Los Angeles, California, July 2 — Ramiro Sebastián Fúnez, an independent content creator, has produced and released a new documentary titled “Nicaragua Against Empire,” highlighting Nicaragua’s resistance to U.S. sanctions.

In March of 2021, Ramiro traveled to Nicaragua as part of a 13-member delegation. The trip was organized by the Sanctions Kill coalition and the Friends of the Rural Workers’ Association, known as the ATC.

The delegation traveled to Nicaragua to understand the effects of imperialist sanctions on ordinary Nicaraguans and how they’re fighting back. They also witnessed the wide range of social advancements carried out by the Sandinista Revolution.



For eleven days, the delegation traveled across diverse parts of Nicaragua. They visited the urban sprawls of Managua, the rural countryside of Estelí, and the tropical Caribbean coastline of Bilwi.

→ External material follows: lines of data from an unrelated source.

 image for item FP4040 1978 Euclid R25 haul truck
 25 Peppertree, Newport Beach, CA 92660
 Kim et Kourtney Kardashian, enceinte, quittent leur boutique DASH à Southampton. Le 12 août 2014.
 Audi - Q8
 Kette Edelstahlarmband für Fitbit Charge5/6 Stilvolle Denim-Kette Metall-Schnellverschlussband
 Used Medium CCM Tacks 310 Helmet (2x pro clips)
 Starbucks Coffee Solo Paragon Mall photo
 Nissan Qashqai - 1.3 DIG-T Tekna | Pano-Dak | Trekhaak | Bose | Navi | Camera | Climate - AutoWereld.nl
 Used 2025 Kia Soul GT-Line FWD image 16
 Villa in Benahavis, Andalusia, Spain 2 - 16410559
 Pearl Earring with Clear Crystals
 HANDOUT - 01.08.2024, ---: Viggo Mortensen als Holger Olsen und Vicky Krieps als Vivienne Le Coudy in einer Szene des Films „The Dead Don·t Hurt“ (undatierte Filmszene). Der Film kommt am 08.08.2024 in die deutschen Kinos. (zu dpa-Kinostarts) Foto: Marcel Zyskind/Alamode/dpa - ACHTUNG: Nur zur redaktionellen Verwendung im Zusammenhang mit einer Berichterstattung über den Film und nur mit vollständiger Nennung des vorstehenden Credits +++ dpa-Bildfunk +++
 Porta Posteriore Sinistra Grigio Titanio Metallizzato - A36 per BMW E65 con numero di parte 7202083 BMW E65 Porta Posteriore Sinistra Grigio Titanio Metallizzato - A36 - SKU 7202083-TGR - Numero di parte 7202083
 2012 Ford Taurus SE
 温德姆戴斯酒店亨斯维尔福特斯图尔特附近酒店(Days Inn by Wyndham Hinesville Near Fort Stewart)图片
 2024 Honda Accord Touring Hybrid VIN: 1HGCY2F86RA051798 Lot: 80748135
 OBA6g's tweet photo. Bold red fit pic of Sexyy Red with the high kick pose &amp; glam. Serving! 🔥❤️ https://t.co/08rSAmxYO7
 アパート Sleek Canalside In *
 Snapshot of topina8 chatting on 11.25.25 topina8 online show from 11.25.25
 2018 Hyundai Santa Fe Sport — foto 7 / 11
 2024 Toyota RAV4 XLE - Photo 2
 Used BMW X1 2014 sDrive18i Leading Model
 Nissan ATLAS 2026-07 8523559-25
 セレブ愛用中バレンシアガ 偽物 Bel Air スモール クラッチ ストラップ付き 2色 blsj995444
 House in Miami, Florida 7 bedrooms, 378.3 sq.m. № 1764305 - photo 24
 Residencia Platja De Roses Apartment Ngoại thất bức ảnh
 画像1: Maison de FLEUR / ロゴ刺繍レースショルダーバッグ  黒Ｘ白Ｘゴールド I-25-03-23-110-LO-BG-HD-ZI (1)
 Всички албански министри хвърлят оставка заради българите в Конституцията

The delegation met and spoke with locals and grassroots activists to see the reality of Nicaragua. What they saw was completely different from what is portrayed on imperialist mainstream media.

This documentary, Nicaragua Against Empire, highlights Nicaraguan resistance to Western imperialism was recorded and produced by Ramiro as part of his participation in the delegation.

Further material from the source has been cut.